• _Supplied records_:
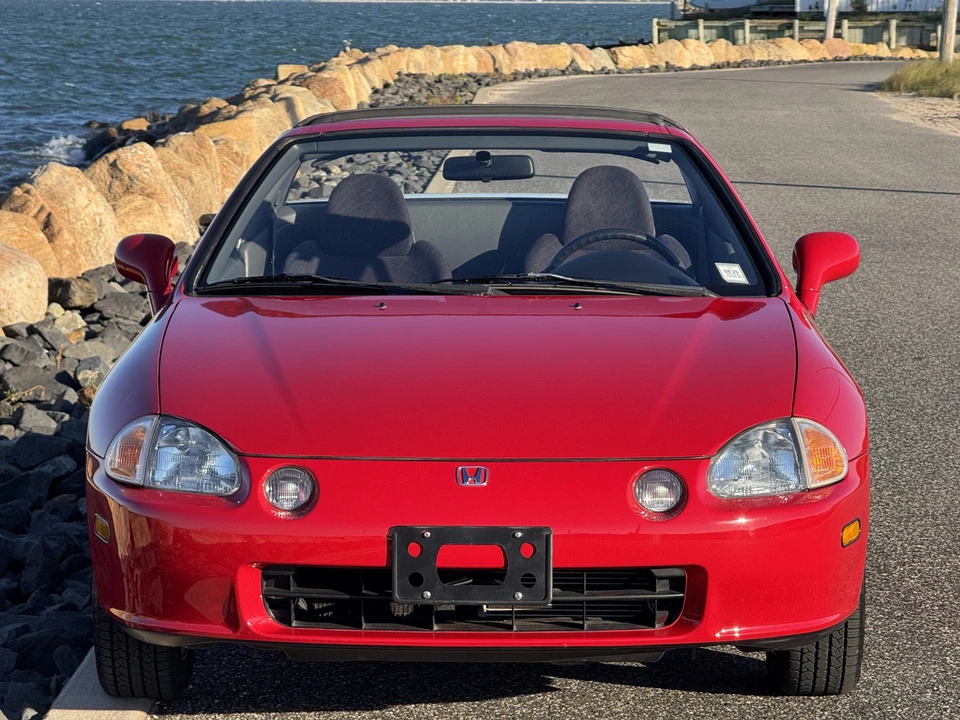 1993 Honda Del Sol - Image 7 of 31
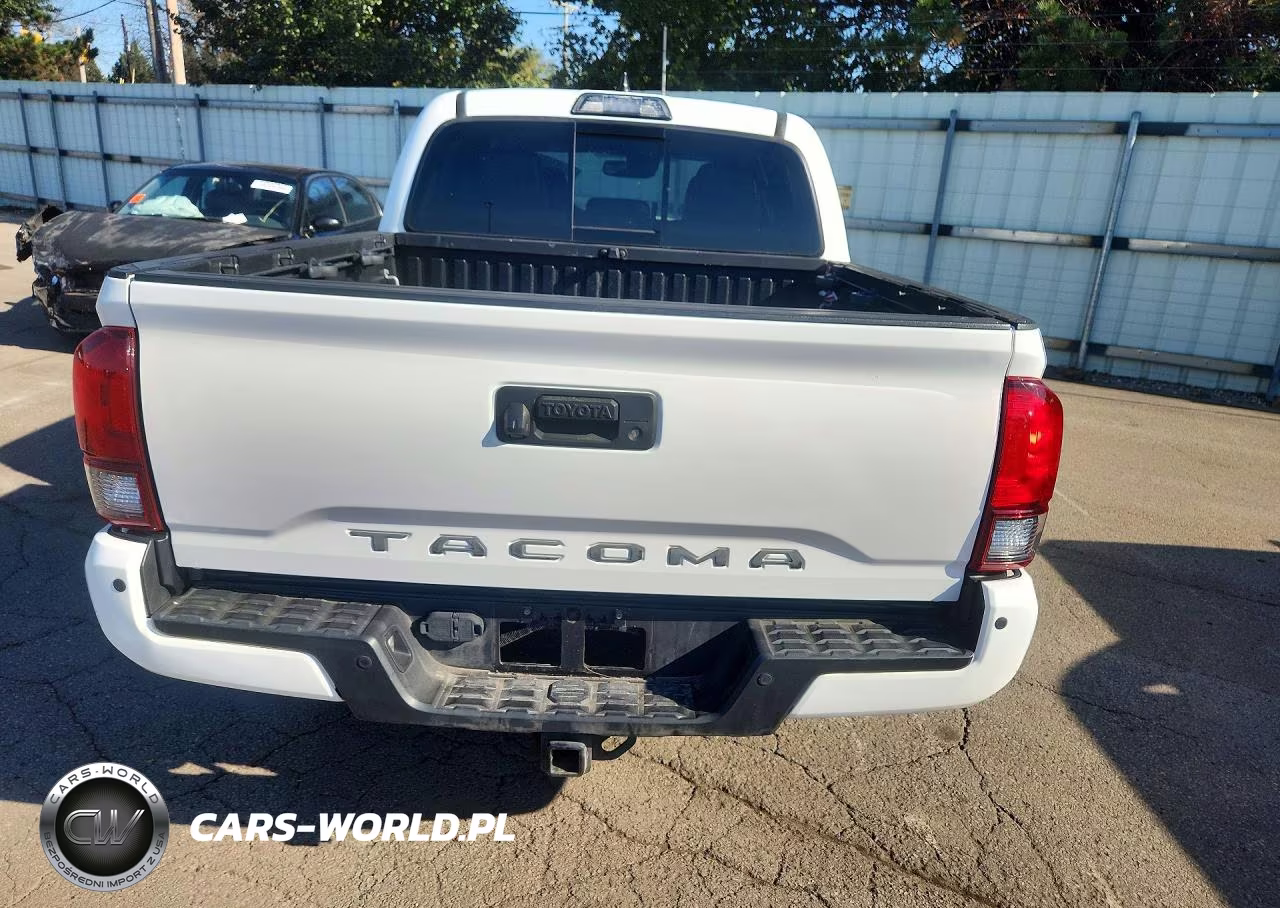 2019 Toyota Tacoma Trd Sport VIN:3TMAZ5CN3KM082434 - 6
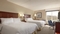 Hampton Inn Dulles-Cascades - The standard, spacious room includes free WIFI, microwave, mini refrigerator and a coffee maker.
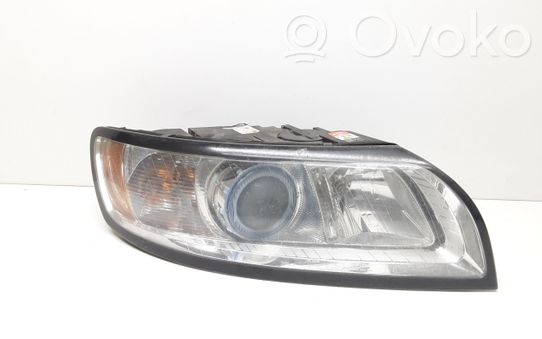 Volvo V50 Priekinis žibintas 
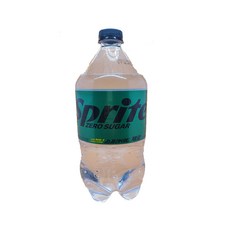 스프라이트제로1리터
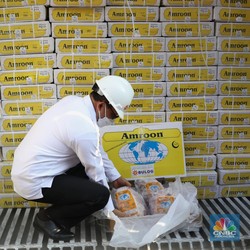 Pedagang Teriak Agen Patok Harga Daging Kerbau Kemahalan!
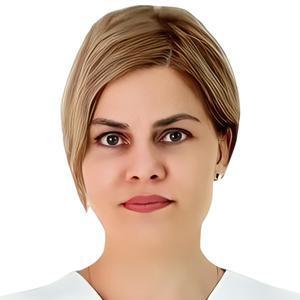 Глинских Эльвира Николаевна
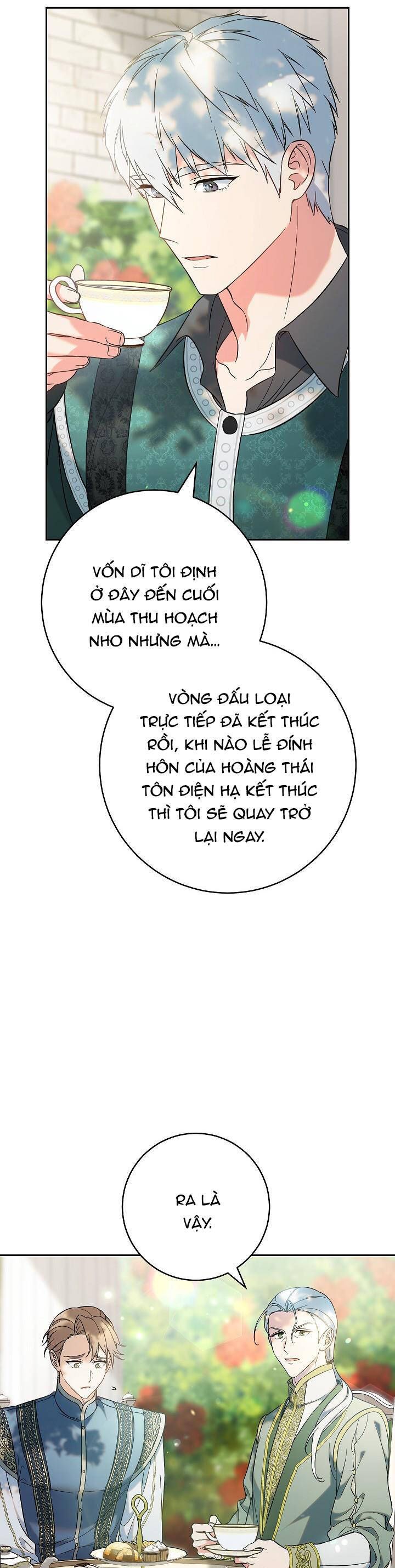 đọc truyện Cuộc Hôn Nhân Vụ Lợi Chương 57 ảnh 11 tại Giả Dược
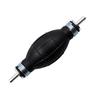 Aluminum Alloy One-Way Car/Boat Hand Squeeze Oil Pump - Suction Oil Extractor for Gasoline (6/8/10/12 Mm)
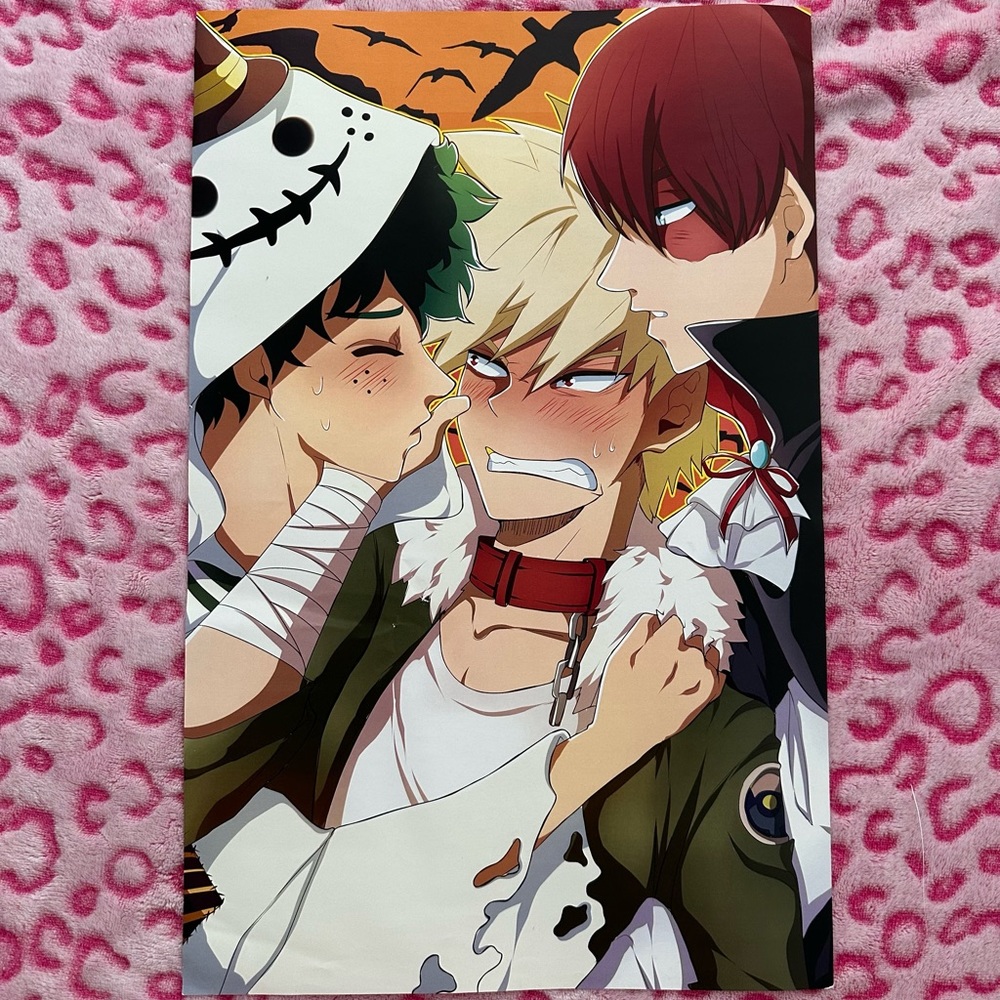 MHA print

• _Exercise objective_:
Pictures aside, reproduce all of the material above without alteration.

• _Task solution_:
 1993 Honda Del Sol - Image 7 of 31
 2019 Toyota Tacoma Trd Sport VIN:3TMAZ5CN3KM082434 - 6
 Hampton Inn Dulles-Cascades - The standard, spacious room includes free WIFI, microwave, mini refrigerator and a coffee maker.
 Volvo V50 Priekinis žibintas 
 스프라이트제로1리터
 Pedagang Teriak Agen Patok Harga Daging Kerbau Kemahalan!
 Глинских Эльвира Николаевна
 đọc truyện Cuộc Hôn Nhân Vụ Lợi Chương 57 ảnh 11 tại Giả Dược
 Aluminum Alloy One-Way Car/Boat Hand Squeeze Oil Pump - Suction Oil Extractor for Gasoline (6/8/10/12 Mm)
 MHA print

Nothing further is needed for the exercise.